▸ Task instructions
Below this line are records; transcribe exactly the lines between the one holding "Hi, welcome to" and the one holding "How to create", inclusive, and omit the pictures.

▸ Task data
Start of Block

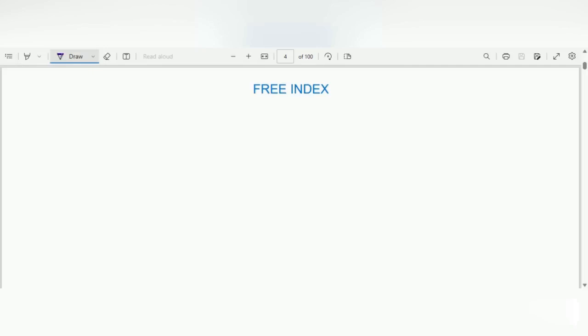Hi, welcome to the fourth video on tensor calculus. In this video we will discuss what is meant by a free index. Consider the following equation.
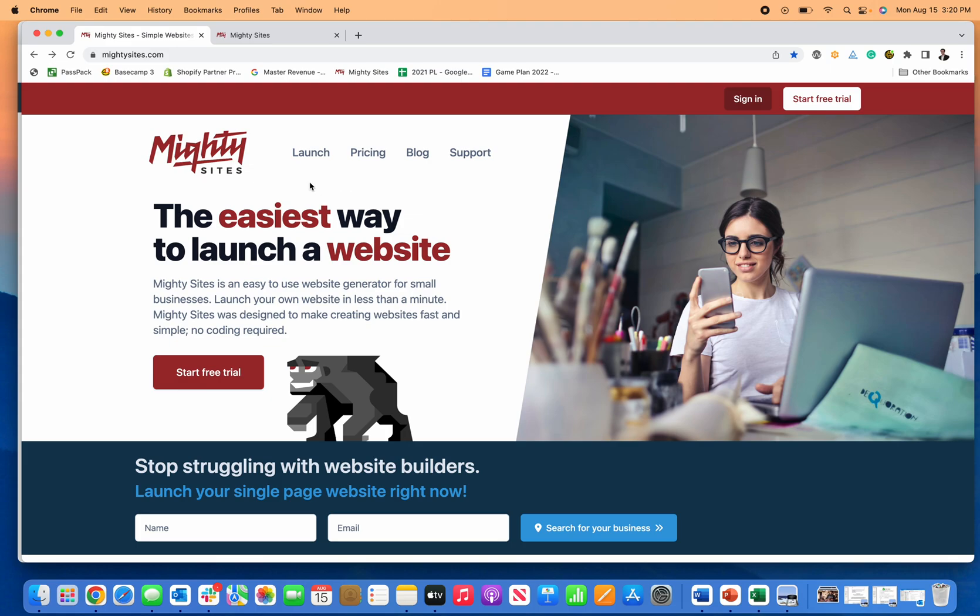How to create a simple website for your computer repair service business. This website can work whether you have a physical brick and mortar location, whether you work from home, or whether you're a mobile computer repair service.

End of Block
Start of Block

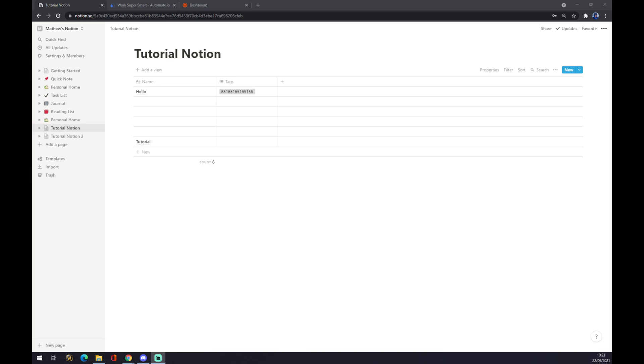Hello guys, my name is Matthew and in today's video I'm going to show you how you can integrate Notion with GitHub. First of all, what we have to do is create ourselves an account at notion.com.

End of Block

▸ Exercise output
Hi, welcome to the fourth video on tensor calculus. In this video we will discuss what is meant by a free index. Consider the following equation.
How to create a simple website for your computer repair service business. This website can work whether you have a physical brick and mortar location, whether you work from home, or whether you're a mobile computer repair service.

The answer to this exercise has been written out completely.